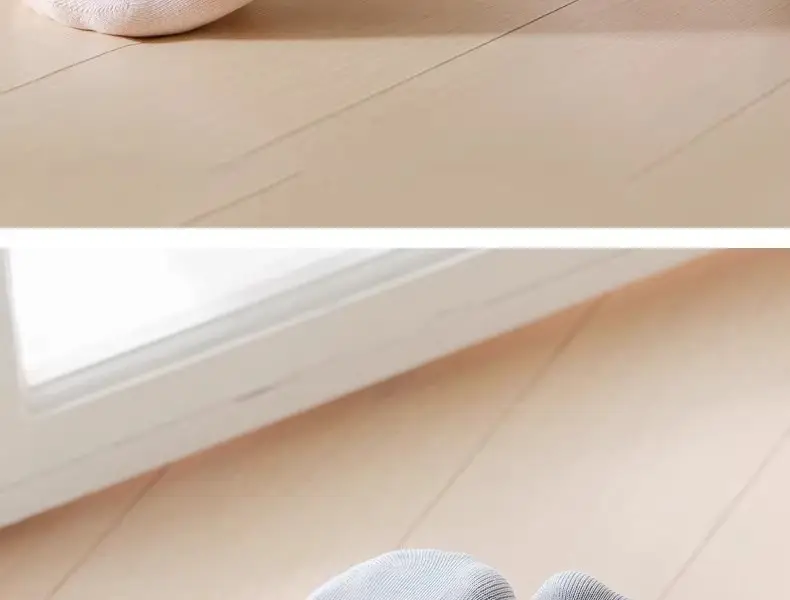 Pure Cotton Short Socks for Women, Summer Low-Cut Socks, Thin Anti-Odor Sports Short Socks, Mesh Breathable White No-Show Socks, Seamless — feature 16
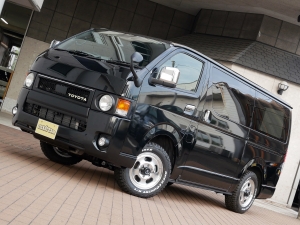 ハイエースバン新車コンプリート　両側パワースライドドア
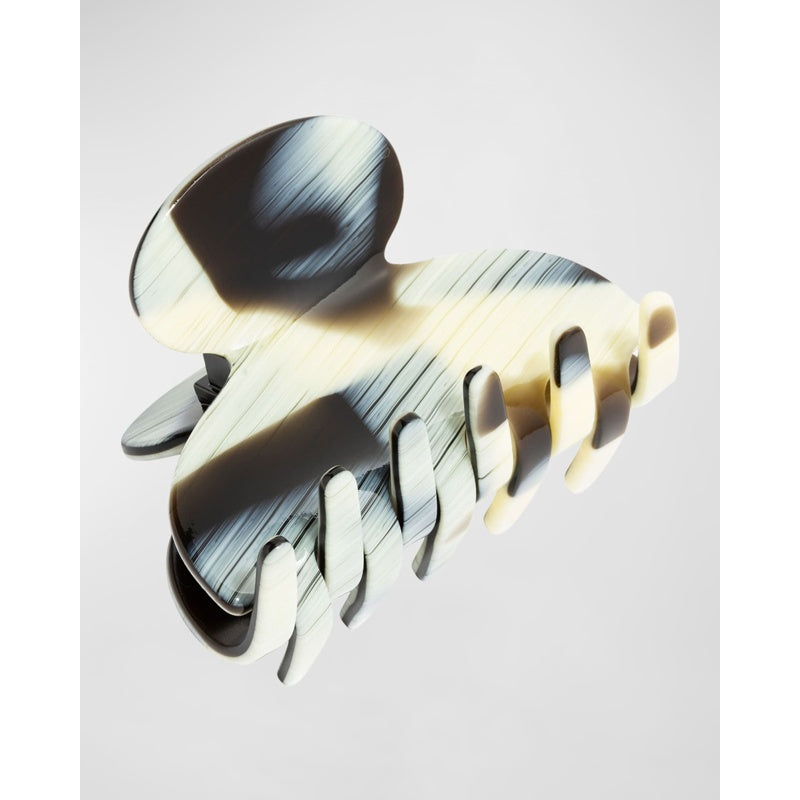 Presilha de mandíbula pequena com padrão de chifre - Mercado de Luxo - O Maior E-Commerce de Bens, Produtos e Serviços de Luxo do Brasil.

**PROBLEM:**
All lines above are to be restated word for word, with pictures excluded.

**EXPECTED ANSWER:**
 Pure Cotton Short Socks for Women, Summer Low-Cut Socks, Thin Anti-Odor Sports Short Socks, Mesh Breathable White No-Show Socks, Seamless — feature 16
 ハイエースバン新車コンプリート　両側パワースライドドア
 Presilha de mandíbula pequena com padrão de chifre - Mercado de Luxo - O Maior E-Commerce de Bens, Produtos e Serviços de Luxo do Brasil.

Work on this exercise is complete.